Welcome to the NCS lab web pages!
We are a group of a researchers in the EECS school at the KTH (Royal Institute of Technology) in Stockholm, Sweden. Our research interests are in the intersection of neuroscience, computer science, and robotics, with a particular focus on neuromorphic computing and event-based vision. We are fascinated by how we can draw inspiration from the brain to develop more efficient and more capable computing systems, especially for applications in robotics and autonomous systems.
Here, you find information about our research, teaching, publications, and other activities in the lab. Our work often involves using event-based cameras and spiking neural networks to solve challenging problems in areas like object tracking, scene understanding, and robotic control. Feel free to browse through the projects and the publications, which highlight our work in these exciting areas. We are always eager to connect with other researchers and students interested in similar topics, so please don't hesitate to reach out!
Our research mission
How does thinking work? How do we interpret what we see, hear, smell, and touch? – and how do we decide what we do and how we do it in the world around us? This is one of today's greatest mysteries in science.

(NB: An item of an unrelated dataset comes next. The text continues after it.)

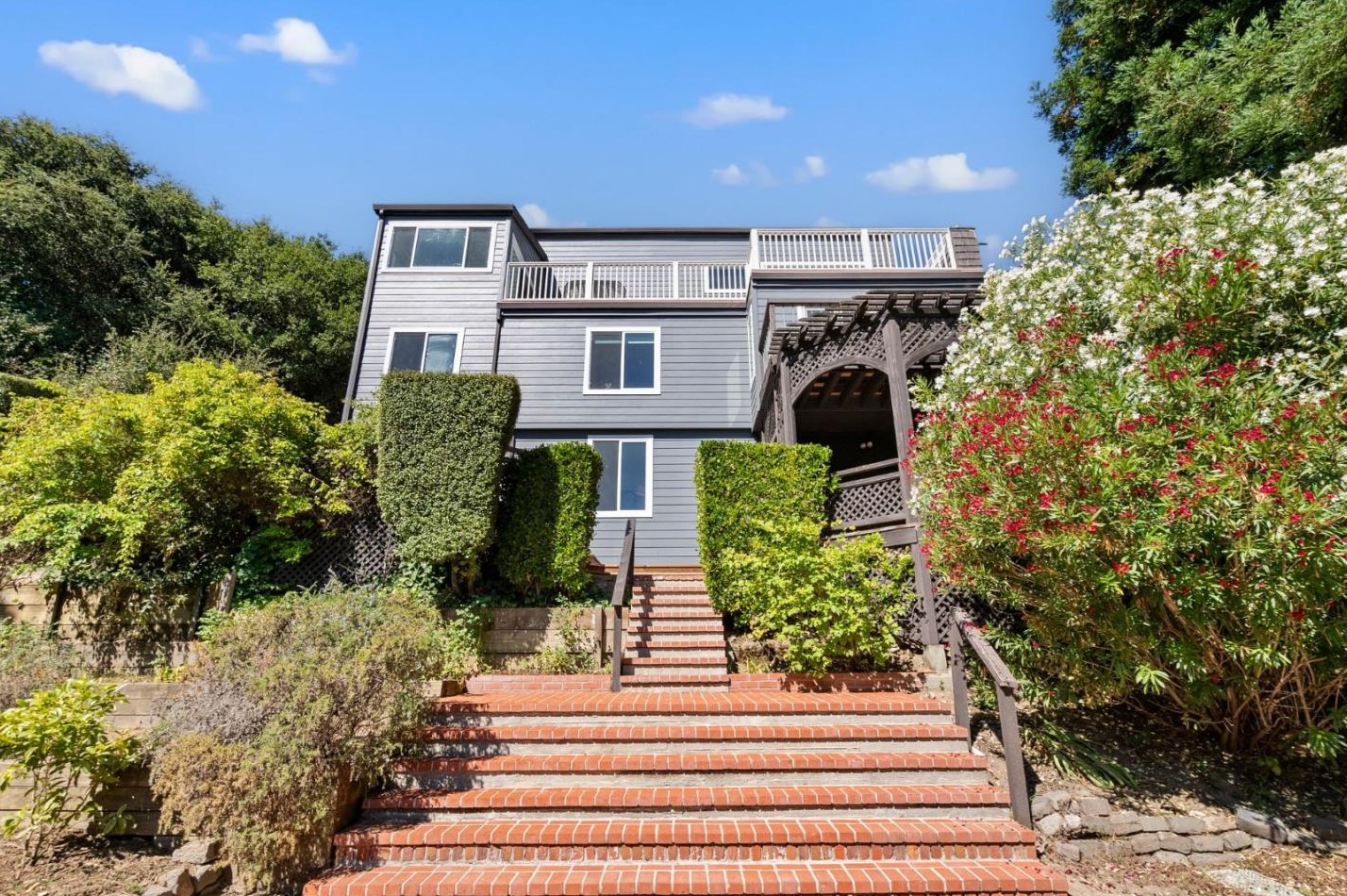 910 Tioga Dr, Millbrae, CA 94030-1631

Looking at small animals with tiny brains, we get the impression that they act effortlessly in the world, forage for food, and return home safely. In contrast, today's carefully hand-designed computers and robots with all available sensors and processing power are hardly able to successfully perform such simple behaviors. The world is too complex and too ambiguous to get interpreted reliably with contemporary algorithms in real-time and under energy constraints.
We investigate in which fundamental principles information processing in brains differs from information processing performed by current computing algorithms; and we impement principles of neural computation in technology to advance today's engineered systems.